Almost everyone will agree (most hypocritically) that piracy is wrong, most people however don’t care. They do not see the effects of it and are stuck in their own individual world. Even those who don’t pirate may have a problem with anti-piracy measures. These measures, like requiring a constant internet connection can be frustrating and problematic and they punish the good, the bad and the ugly.

Though not as big a problem in the Western world, not all gamers have access to an internet connection. By implementing such a scheme means you have already alienated a proportion of your market, hence you are already losing money. The number of people cut out must be less than the number who would have pirated the game but have instead bought it, otherwise it makes no financial sense.
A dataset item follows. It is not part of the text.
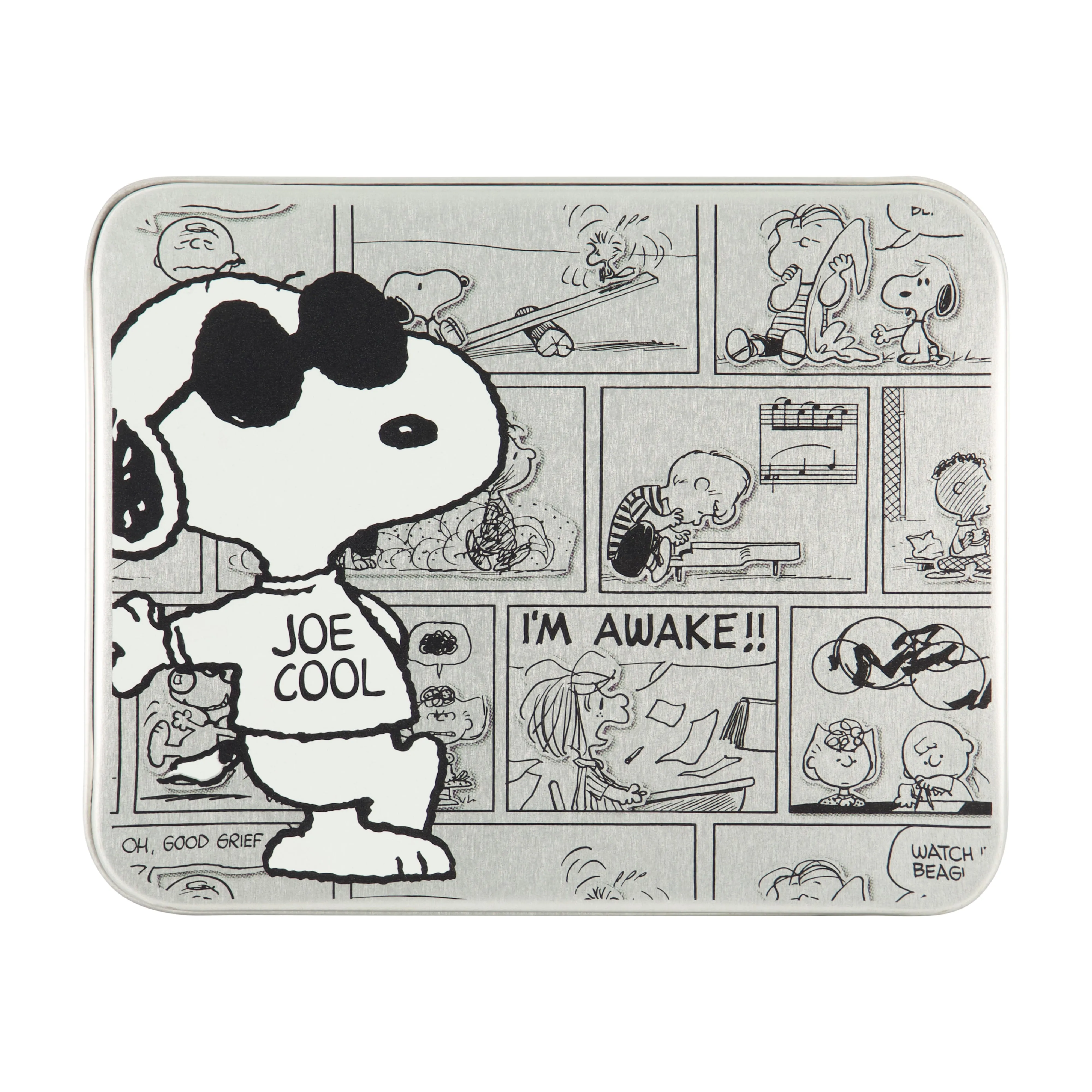 PEANUTS JOE COOL COMIC AOP Bifold Wallet, Slim Wallet with Decorative Tin for Men and Women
The internet is not a universal amenity, it may seems so in the West but go to slightly poorer countries where gamers still do exist and you’ll find people who are left out by such schemes totally. Even in the West, though most people may have internet, not everyone has a connection that is fast or reliable enough to handle a game, so that’s even more people cut out, unnecessarily you could argue. Playing an online game and seeing lag and frame-rate drops will show you how many people still don’t have an internet connection that is good enough for pristine gaming. Not only is there the speed of the whole service but the reliability of it too. Cheap ISPs often have poor service and games will require a constant uninterrupted connection. You would have seen your FIFA match destroyed by poor connection as if a certain Turkish referee had come and refereed the game. In SimCity you might see hours of hard work destroyed by an intermittent connection as if you’d unleashed a disaster in your city.
"EA Servers are down, we apologise for fu***ing up your game"

It is not necessarily on your side either. EA has been having server issues all week with SimCity (and for a considerable amount of time longer for other games), thus stopping people playing a game which they have paid £35 for. You've done nothing wrong, and yet you can’t play your game because EA have screwed up (again).

With the internet always comes the idea of safety. Though unlikely, having your game constantly connected means that it is more vulnerable than if it wasn't  SimCity for many will still be a single player game and running the risk of losing something in game or having your account hacked is not worth it simply to play multiplayer with others.

Piracy is a huge problem for the gaming industry and it is only gaining momentum. Already developers are going bust and this will only continue unless piracy rates decrease. But no one likes being forced to do something, particularly when you feel like you’re being punished for the wrong-doing of others. In order to stop piracy developers, publishers and distributors will have to find a more ingenious method. At the end of the day, can you really prevent piracy? The only way to stop it is to change people’s mind sets. Gamers need to be persuaded to part with their cash, not be forced to. Publishers need to take a more softly softly approach. They need to deal with the situation like Gandhi and not like Stalin, after all, India is a rising superpower and Russia, well isn't.